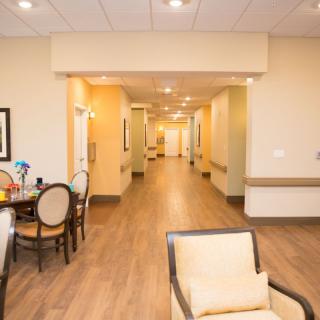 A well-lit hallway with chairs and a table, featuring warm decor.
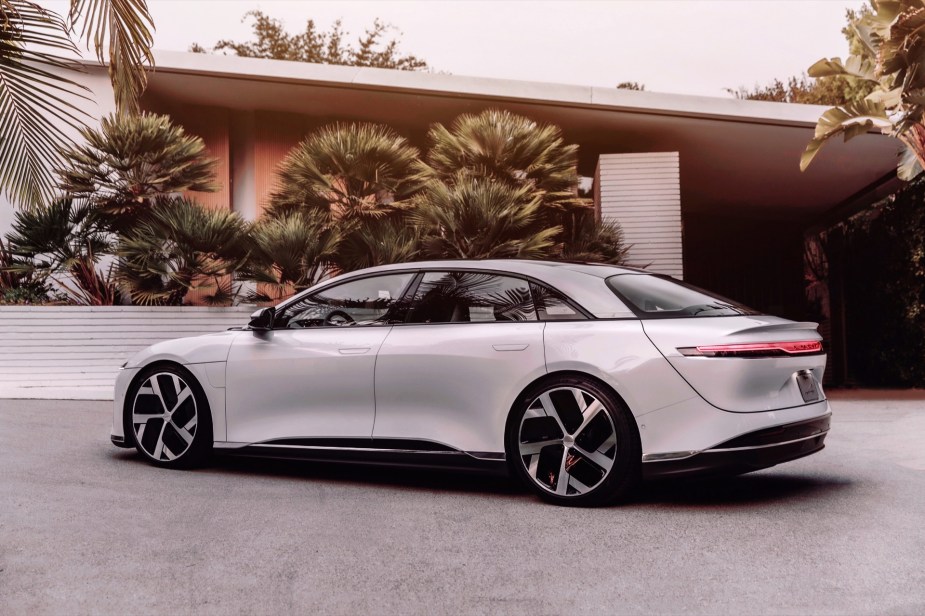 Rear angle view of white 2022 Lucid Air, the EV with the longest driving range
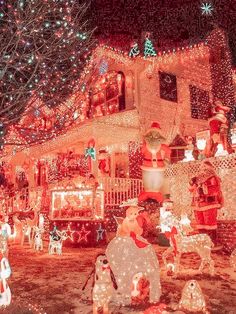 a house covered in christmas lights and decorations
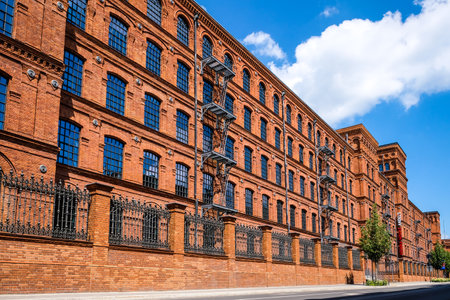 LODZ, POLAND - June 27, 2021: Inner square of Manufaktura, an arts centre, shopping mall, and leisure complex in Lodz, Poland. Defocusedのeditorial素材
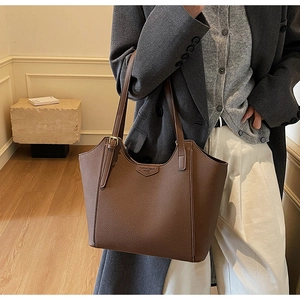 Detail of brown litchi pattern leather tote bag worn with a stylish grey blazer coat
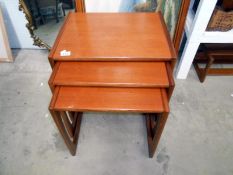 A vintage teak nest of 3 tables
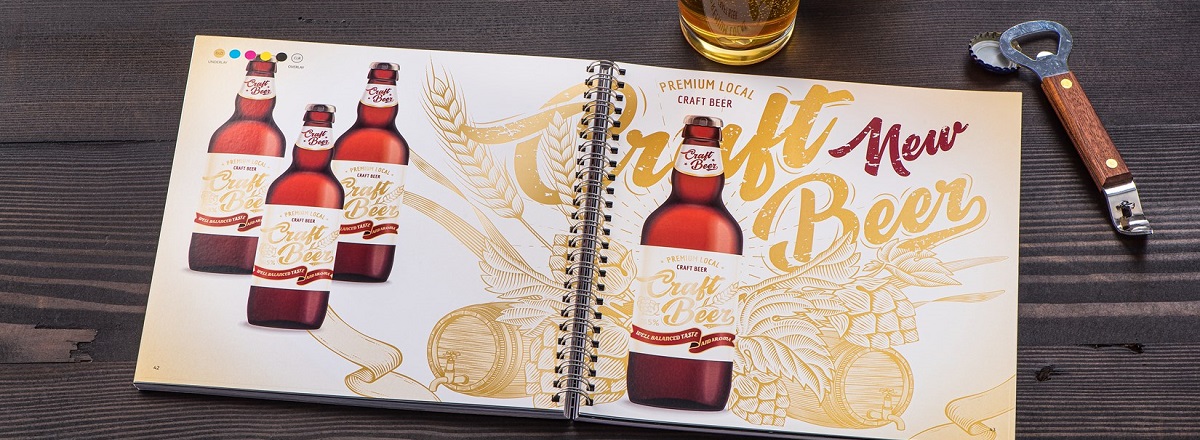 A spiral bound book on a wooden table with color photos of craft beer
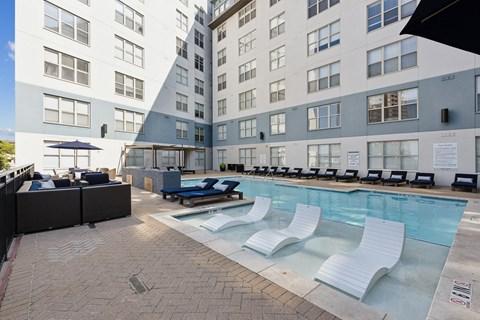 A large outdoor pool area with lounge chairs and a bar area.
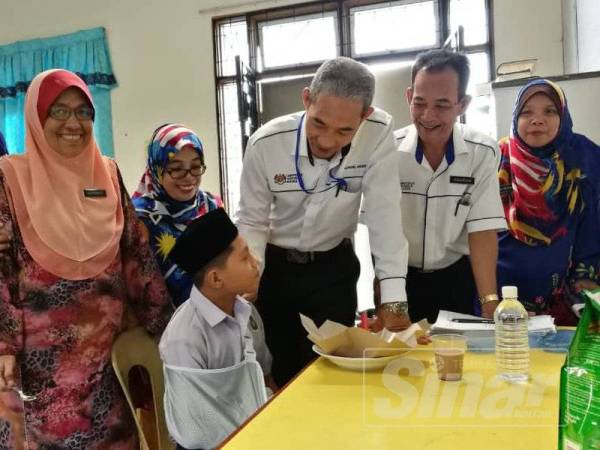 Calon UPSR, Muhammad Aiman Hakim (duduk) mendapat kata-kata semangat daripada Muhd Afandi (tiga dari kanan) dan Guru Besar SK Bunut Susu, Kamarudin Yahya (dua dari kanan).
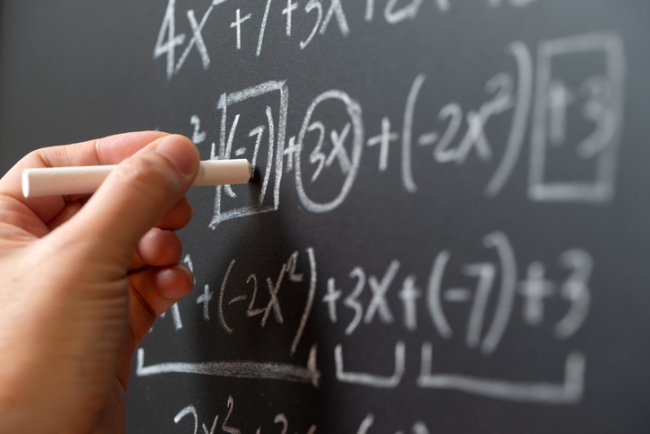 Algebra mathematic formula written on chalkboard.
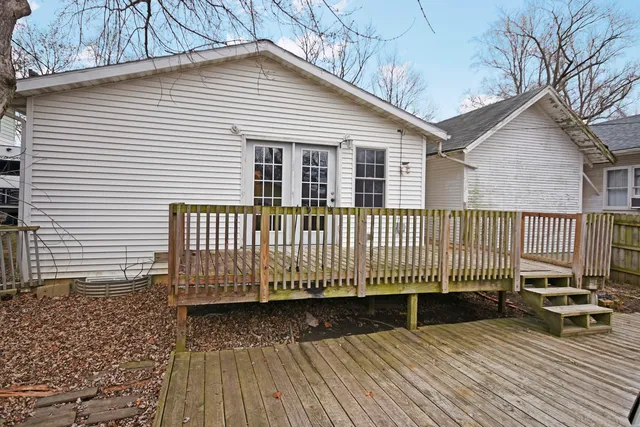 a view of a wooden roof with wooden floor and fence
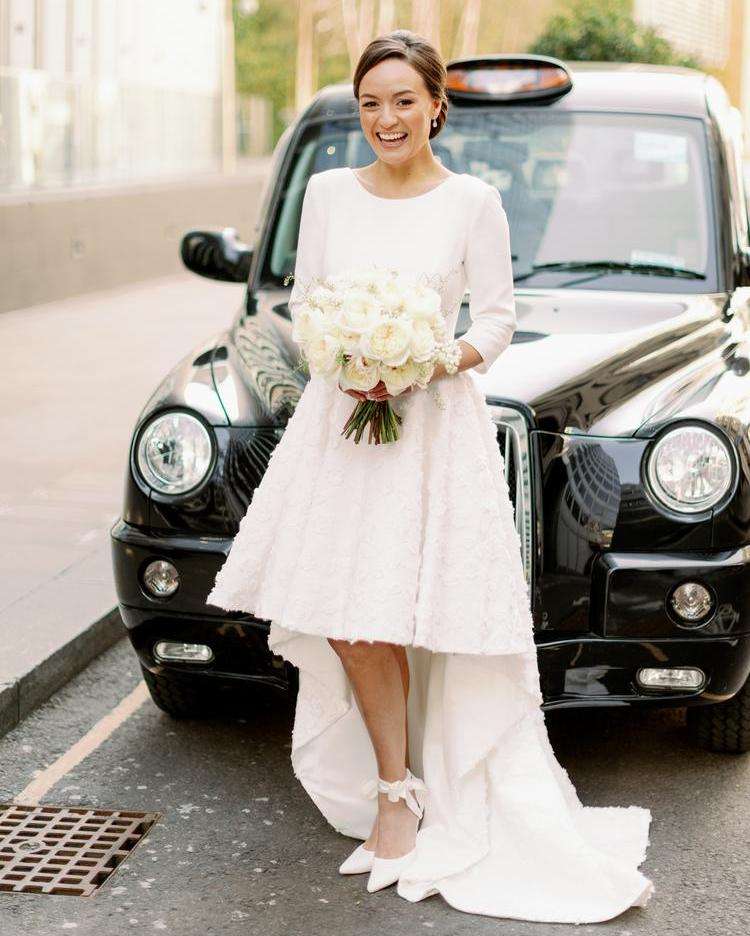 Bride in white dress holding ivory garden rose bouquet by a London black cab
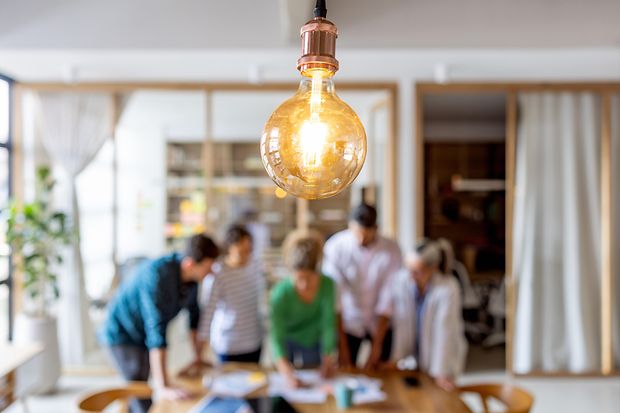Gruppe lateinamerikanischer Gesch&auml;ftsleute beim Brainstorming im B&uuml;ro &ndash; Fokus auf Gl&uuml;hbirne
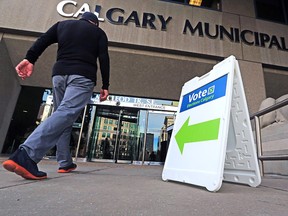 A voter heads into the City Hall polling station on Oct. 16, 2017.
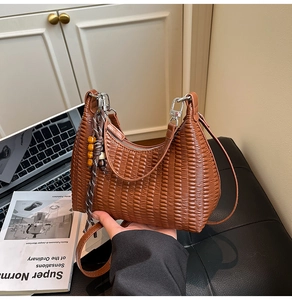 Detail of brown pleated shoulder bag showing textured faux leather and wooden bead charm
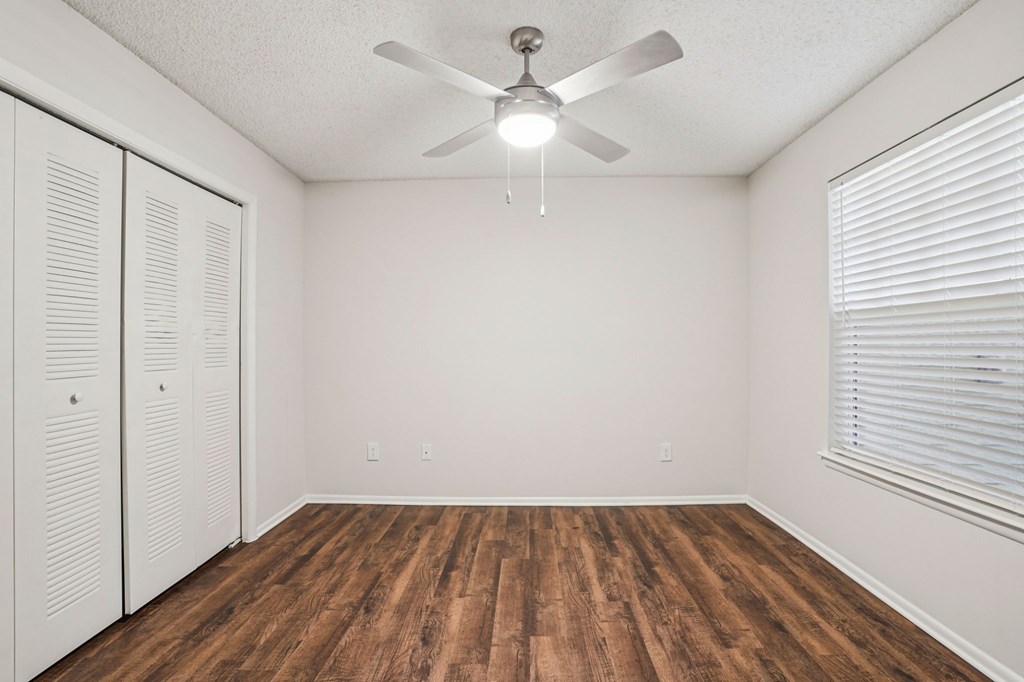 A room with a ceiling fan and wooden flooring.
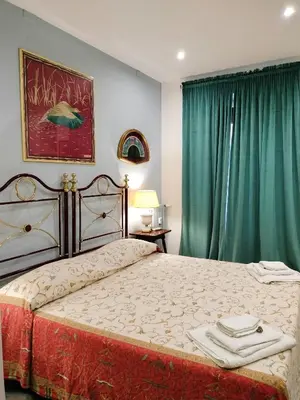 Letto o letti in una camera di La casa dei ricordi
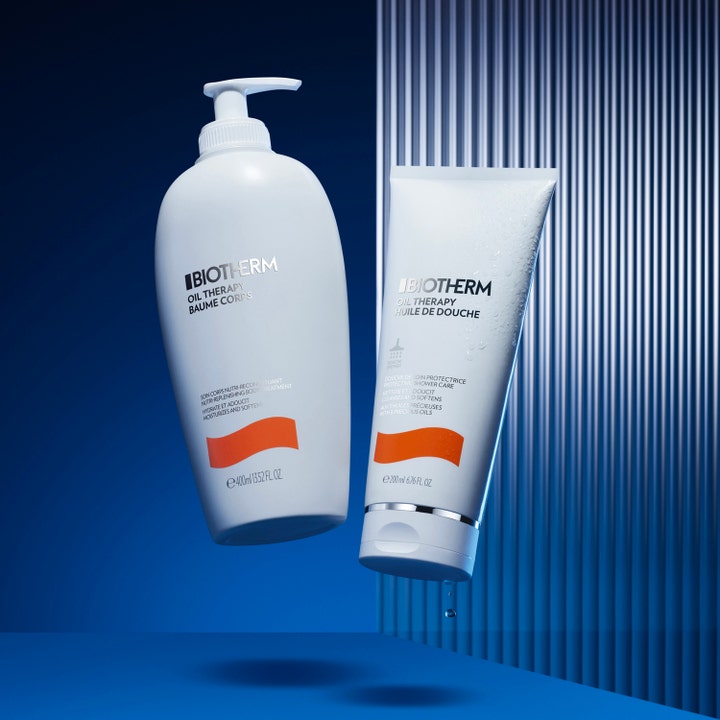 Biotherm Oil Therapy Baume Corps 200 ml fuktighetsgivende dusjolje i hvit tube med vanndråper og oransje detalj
***
▶ **ASSIGNED TASK**: Everything in the records must be transcribed exactly, except the pictures, which are left out.

▶ **SOLVED PROBLEM**:
 A well-lit hallway with chairs and a table, featuring warm decor.
 Rear angle view of white 2022 Lucid Air, the EV with the longest driving range
 a house covered in christmas lights and decorations
 LODZ, POLAND - June 27, 2021: Inner square of Manufaktura, an arts centre, shopping mall, and leisure complex in Lodz, Poland. Defocusedのeditorial素材
 Detail of brown litchi pattern leather tote bag worn with a stylish grey blazer coat
 A vintage teak nest of 3 tables
 A spiral bound book on a wooden table with color photos of craft beer
 A large outdoor pool area with lounge chairs and a bar area.
 Calon UPSR, Muhammad Aiman Hakim (duduk) mendapat kata-kata semangat daripada Muhd Afandi (tiga dari kanan) dan Guru Besar SK Bunut Susu, Kamarudin Yahya (dua dari kanan).
 Algebra mathematic formula written on chalkboard.
 a view of a wooden roof with wooden floor and fence
 Bride in white dress holding ivory garden rose bouquet by a London black cab
Gruppe lateinamerikanischer Gesch&auml;ftsleute beim Brainstorming im B&uuml;ro &ndash; Fokus auf Gl&uuml;hbirne
 A voter heads into the City Hall polling station on Oct. 16, 2017.
 Detail of brown pleated shoulder bag showing textured faux leather and wooden bead charm
 A room with a ceiling fan and wooden flooring.
 Letto o letti in una camera di La casa dei ricordi
 Biotherm Oil Therapy Baume Corps 200 ml fuktighetsgivende dusjolje i hvit tube med vanndråper og oransje detalj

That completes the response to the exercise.